Em lugar, também, de uma “boa designação técnica” para as “boas intenções sanitárias”, o desafio de encarar e assumir a determinação social exercida pelo próprio setor da saúde: coordenar a Rede Cegonha! É que essa rede exigirá ações e serviços acolhedores e capazes de apoiar e fortalecer a autonomia das mulheres e das crianças, fazendo rever arranjos familiares e das coletividades onde a vida social se organiza, colocando em diálogo o cotidiano de mulheres, crianças e homens, inclusive os contextos familiares onde nascimentos acercam-se de “problemas de saúde pública”.
A Rede Cegonha faz rede por dentro do setor da saúde e deste com os vários setores de políticas públicas, destas com as práticas sociais e com as redes socioculturais, inscreve profissionais de saúde e a sociedade. Na lenda, a Cegonha traz os recém-nascidos, resultado dos costumes de ave migradora que retorna no desabrochar da primavera (migra e, quando retorna, traz a vida nova). A imagem é a do transporte, não a do engravidar e parir. Cabe à mulher a gestação (pretende-se que por sua escolha), mas cabe à sociedade uma rede Cegonha. A mulher já vem provendo a nidação, da concepção ao parto, já a todos os demais – e em especial ao setor da saúde – precisa competir assegurar-lhe condições qualificadas de trazer o bebê à luz, que seja a Cegonha disponível às mulheres e lhes dê semelhante conforto, como nos contos da cultura popular onde o nascimento é sempre seguro e as grávidas sempre se sentem acolhidas.
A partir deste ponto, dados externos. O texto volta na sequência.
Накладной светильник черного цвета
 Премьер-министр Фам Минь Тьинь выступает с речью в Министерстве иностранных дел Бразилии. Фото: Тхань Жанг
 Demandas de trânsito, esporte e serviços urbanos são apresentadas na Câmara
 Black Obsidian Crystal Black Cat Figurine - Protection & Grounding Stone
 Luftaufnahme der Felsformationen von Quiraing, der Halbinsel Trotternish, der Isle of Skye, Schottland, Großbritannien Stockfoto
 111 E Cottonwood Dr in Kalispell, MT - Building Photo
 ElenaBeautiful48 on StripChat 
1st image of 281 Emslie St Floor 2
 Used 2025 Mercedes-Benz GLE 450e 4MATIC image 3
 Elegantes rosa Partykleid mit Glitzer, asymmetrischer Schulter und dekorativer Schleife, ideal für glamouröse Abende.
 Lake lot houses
O mais difícil será ser um certo tipo de Cegonha:ser com as mulheres, medir-se pelas mulheres.
Uma lenda dirigida às crianças bem pequenas, não se ilude as mulheres grávidas de que os bebês lhes serão trazidos por cegonhas. Levada adiante a gravidez, são elas que vão parir. Então, uma rede Cegonha estará dirigida a elas, segundo suas necessidades, segundo suas avaliações de correspondência, ou não, às suas necessidades.
Um eventual programa pactuado “de enfrentamento” da mortalidade materna e da mortalidade neonatal dialogaria bem com os indicadores bioestatísticos, assim como com os fatores de proteção ou de risco, mas não convocaria imaginários à personalização. Uma rede Cegonha dialoga bem com indicadores culturais, relativos às pessoas mais que aos números (às mulheres e a cada mulher), sustentando a personalização (ou as práticas cuidadoras para com as mulheres). É por isso que não se trata, no discurso de Dilma, de “saúde pública” ou de “política social”, mas de “atenção integral à saúde”. Dita de outro modo?
Há algo diferente de “assistência materno-infantil” e de “saúde pública” na voz da presidenta. Não estamos, mesmo, ouvindo outro discurso? Não se trata de um discurso com outras práticas? Quem sabe outras “práticas” discursivas: romper com lógicas dominantes desde dentro de linguagens dominantes! Outras “redes” discursivas: interceder por outras e por novas políticas de saúde, sem reserva quanto aos focos agudos de experimentação da aflição! As mulheres (as várias mulheres) não se resumem à maternidade e ao nascimento, informam-nos.
Superado esse foco, fazer Saúde da Mulher, agora, terá de ser no espaço de criação, fugindo das previsibilidades, retomando as redes de diálogo, em exercício político, assumindo a politicidade do feminino. Serão outros anúncios nas políticas de saúde? Se menos politicamente correta a prática discursiva, ouvidos menos moralistas se fazem necessários, assim como novos atos discursivos, com e em redes de diálogo.